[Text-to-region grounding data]
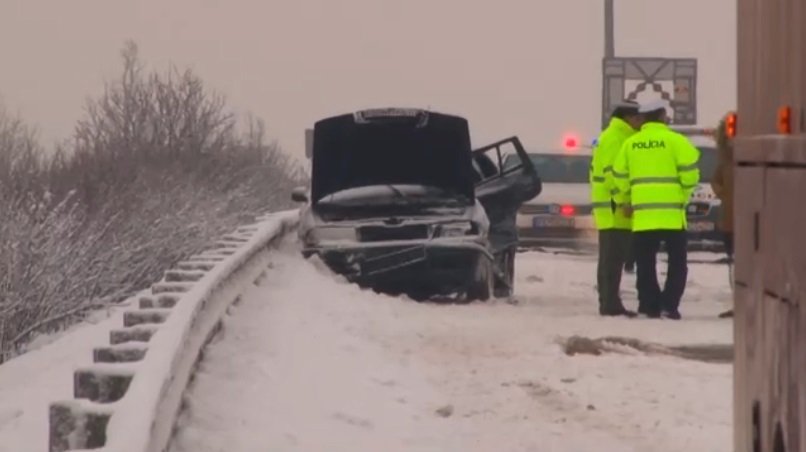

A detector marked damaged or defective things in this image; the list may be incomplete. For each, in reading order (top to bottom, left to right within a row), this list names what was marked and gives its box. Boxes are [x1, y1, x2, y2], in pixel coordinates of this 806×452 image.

damaged car front [296, 107, 498, 300]
wrecked car [292, 107, 544, 300]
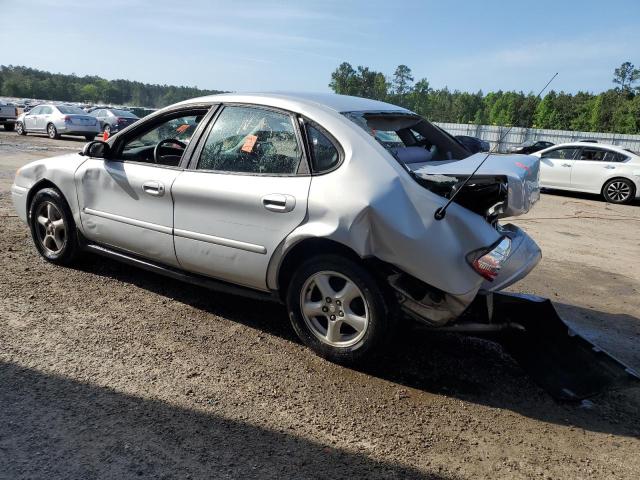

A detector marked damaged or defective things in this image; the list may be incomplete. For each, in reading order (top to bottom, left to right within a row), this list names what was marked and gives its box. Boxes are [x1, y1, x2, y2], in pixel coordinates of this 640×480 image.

damaged silver car [12, 94, 544, 362]
broken taillight [464, 237, 510, 282]
crumpled rear bumper [480, 222, 540, 292]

ABOUT THIS TASK:
Starting with the line that contains "this 640×480 image.", restate every line up to and including the last one above, exactly.

RESULT:
A detector marked damaged or defective things in this image; the list may be incomplete. For each, in reading order (top to bottom, left to right within a row), this list names what was marked and gives its box. Boxes are [x1, y1, x2, y2], in pixel coordinates of this 640×480 image.

damaged silver car [12, 94, 544, 362]
broken taillight [464, 237, 510, 282]
crumpled rear bumper [480, 222, 540, 292]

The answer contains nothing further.